(Oleh Wim Geissler)
Sudah lewat lebih dari satu dekade sejak Desmond Tutu berkirim surat kepada Perserikatan Bangsa-bangsa (PBB) mendukung hak menentukan nasib rakyat Papua. Uskup Agung (emeritus) Gereja Anglikan (Johannesburg dan Cape Town) Afrika Selatan itu kini semakin uzur. Usianya sudah 87 tahun. Kesehatannya semakin rapuh. Pemenang Nobel Perdamaian 1984 itu bahkan sudah bicara tentang haknya sebagai manusia untuk mengakhiri hidup sendiri secara terhormat.
Tetapi, surat yang dikirimkannya itu seperti tak pernah menjadi lapuk atau kuno. Paling tidak, bagi mereka yang memperjuangkan keadilan untuk rakyat Papua, isi surat itu tetap terasa segar dan terus dibicarakan. Ia dikutip dalam berbagai tulisan dan kajian.
Di balik keterkenalan surat Desmond Tutu, muncul pertanyaan kritis. Seberapa banyak di antara generasi muda Papua (apalagi generasi muda nonPapua) yang mengetahui dan memahami dukungan semacam apa yang disampaikan Desmond Tutu dalam suratnya? Seperti apakah isi selengkapnya surat tokoh rekonsiliasi Afrika Selatan itu? Bagaimana kisah perjalanan surat tersebut hingga kandas di meja Sekretaris Jenderal PBB kala itu, Kofi Annan?

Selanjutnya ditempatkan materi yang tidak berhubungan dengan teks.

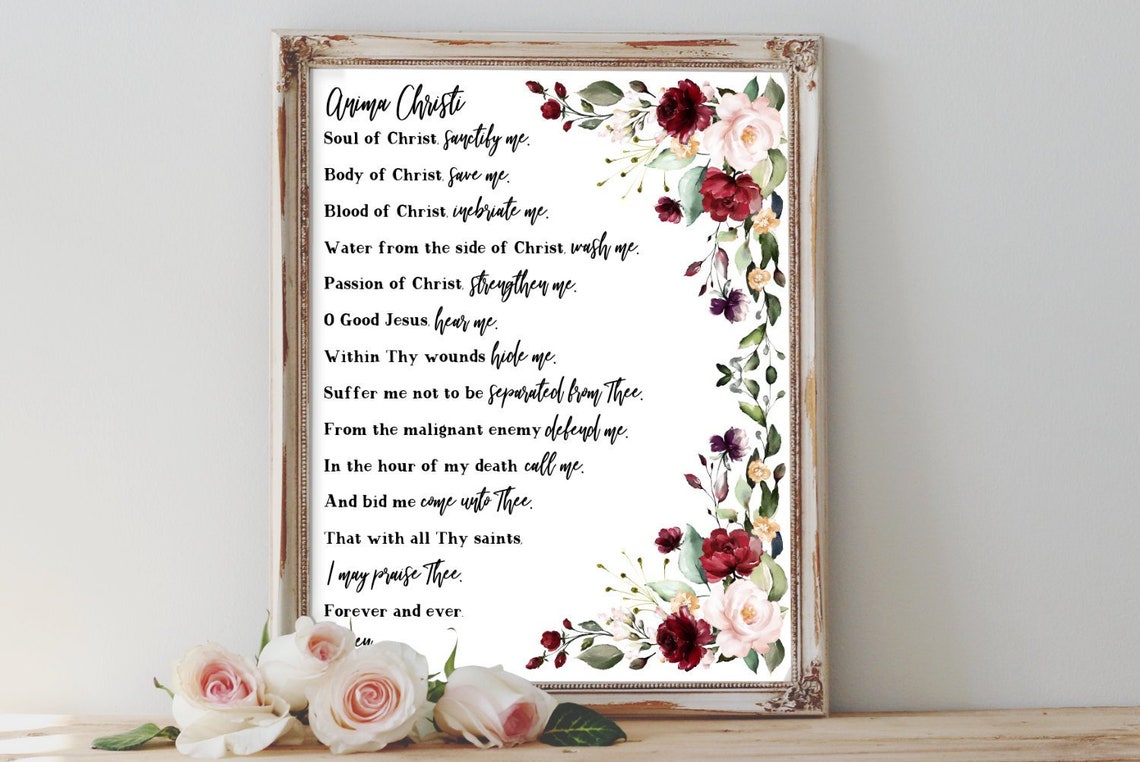 Catholic/christian Prayer Anima Christi Digital Printable - Etsy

Adalah penting untuk mengetahui dan memahami surat Desmond Tutu apabila ingin memahami Papua. Di satu sisi, ia penting karena merupakan dokumen sejarah. Tetapi, ia lebih bernilai lagi oleh spirit yang mendasari dan menjiwainya. Spirit itu dapat ditelisik dari kata demi kata di dalamnya, yang ternyata terus hidup, jauh sesudah kertas-kertas itu disimpan sebagai arsip.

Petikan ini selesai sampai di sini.